In exchange, he offers the idea that we should have something that is an 'energy minimization' architecture; as I understand it, this would have a concept of the 'energy' of an entire response, and training would try and minimize that.
Which is to say, I don't fully understand this. That said, I'm curious to hear what ML researchers think about Lecun's take, and if there's any engineering done around it. I can't find much after the release of ijepa from his group.

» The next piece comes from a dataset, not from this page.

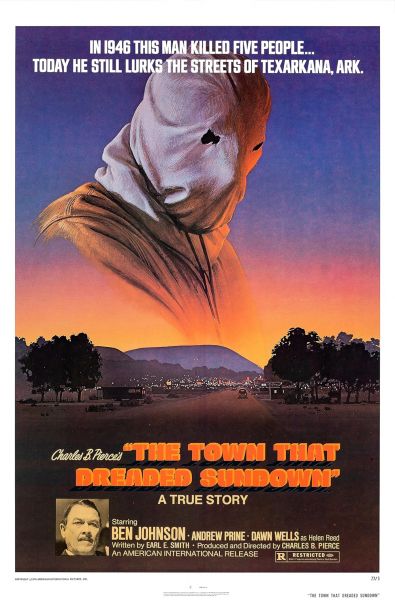 watch-The Town That Dreaded Sundown (1976)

We on the other hand are shaped by billions of years of genetic evolution, and 200k years of cultural evolution. If you count the total number of words spoken by 110 billion people who ever lived, assuming 1B estimated words per human during their lifetime, it comes out to 10 million times the size of GPT-4's training set.
So we spent 10 million more words discovering than it takes the transformer to catch up. GPT-4 used 10 thousand people's worth of language to catch up all that evolutionary finetuning.
Well yes, actually.
This assumption is slightly wrong direction, because not exist human who could consume much more than about 1B words during their lifetime. So humanity could not gain enhancement from just multiply words of one human by 100 billion. I think, correct estimation could be 1B words multiply by 100.
I think, current AI already achieved size need to become AGI, but to finish, probably need to change structure (but I'm not sure about this), and also need some additional multidimensional dataset, not just texts.
I might bet on 3D cinema, and/or on automobile targeting autopilot dataset, or something for real life humanoid robots solving typical human tasks, like fold shirt.